Milton and the Possibility of Unconscious Tyranny

This week, I wish to take up Kate’s question from two weeks ago of the subconscious tyrant: “What does it mean when a ‘tyrant’ doesn’t know he’s terrorizing his ‘subjects’? Milton draws heavily on the language of tyranny to craft his arguments, drawing on both historical tyrannies such as the Inquisition and that of the Holy Roman Empire, but also numerous times refers to a more metaphorical intellectual tyranny potentially in play upon the passage of the 1643 licensing order. Tyranny and its synonyms circulate throughout the treatise, stopping short of attaching to the English Parliament, but invoked as a potential consequence in the future (or raised as a spectre of the past).

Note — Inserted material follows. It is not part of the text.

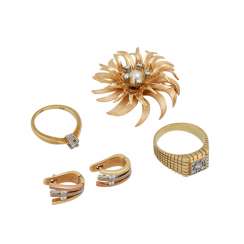 Jewelry mixed lot 4-piece Jewelry mixed lot 4-piece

Milton’s treatise carries an incredible awareness of tyranny, then, and the question of ignorant or unconscious tyranny seems irrelevant in this case. However, one of Milton’s rhetorical devices does just what Kate theorizes: he constructs Parliament to be ignorant of the tyrannical effects of the law they passed. Perhaps to stay on Parliament’s good side, or perhaps to give them the benefit of the doubt and encourage repealing of the law, Milton repeatedly words his arguments to suggest that governments may accidentally pass laws without knowing the full consequences. He writes in one example: “I could recount what I have seen and heard in other countries where this kind of inquisition tyrannizes, when I have sat among their learned men…and been counted happy to be born in such a place of philosophic freedom as they supposed England was, while themselves did nothing but bemoan the servile condition into which learning amongst them was brought” (363).

He assumes a generally benevolent government: “we are already in good part arrived, and yet from such a steep disadvantage of tyranny and superstition grounded into our principles as was beyond the manner of a Roman recovery,[1] it will be attributed…to your faithful guidance and undaunted wisdom” (338). Additionally, the stakes for Milton are not yet as high as in Mbembe’s article: the law Milton writes about deals not with the regulation of life and death, but rather of knowledge, so that minds are being subjugated, not bodies.[2] Milton assumes a benevolence that modern theory (Foucault in particular) has gone a long way to showing cannot exist.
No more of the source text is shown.